Duncan, in a speech at the National Press Club, will encourage officials to divert money away from prisons and into the hands of teachers in the nation's most impoverished schools.
If half the people convicted of nonviolent crimes were taken out of prisons and placed in alternative environments, states and localities could save at least $15 billion, Duncan will say. The savings could give meaningful salary increases to teachers working in disadvantaged communities, or fund teacher leadership programs that allow senior educators to mentor peers, according to Duncan.
"That sort of investment wouldn’t just make teachers and struggling communities feel more valued. It would have ripple effects on our economy and our civic life," Duncan will say, according to an advance copy of his remarks. "This is not about being soft on dangerous criminals -- this is about finding ways, consistent with wise criminal justice policies, to reapportion our resources so we prevent crime in the first place."
Indeed, in recent years, funding growth for prisons has far outpaced the increased spending on education.

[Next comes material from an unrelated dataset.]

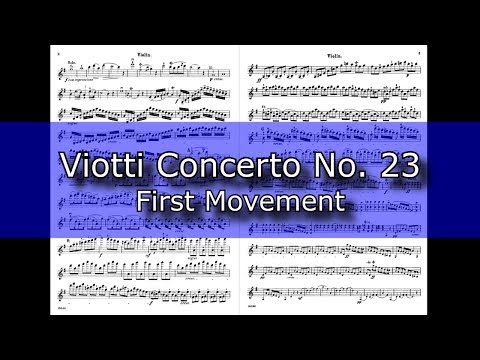 Viotti Violin Concerto No 23 in G Major First Movement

Because a majority of state prison inmates are high school dropouts, Duncan's idea is to invest in keeping at-risk children in school, providing them with meaningful opportunities that keep them away from trouble. Schools, meanwhile, should recognize factors that contribute to the school-to-prison pipeline, a term used to describe how students are pushed out of schools through harsh discipline and into the streets.
A first step to ending this pipeline may mean that teachers and school administrators have to recognize implicit biases that contribute to disproportionate suspension and expulsion rates for students of color. In the 2011-12 school year, black students were suspended or expelled three times more often than their white counterparts.
"A child holds a clock. And we see a bomb," Duncan will say.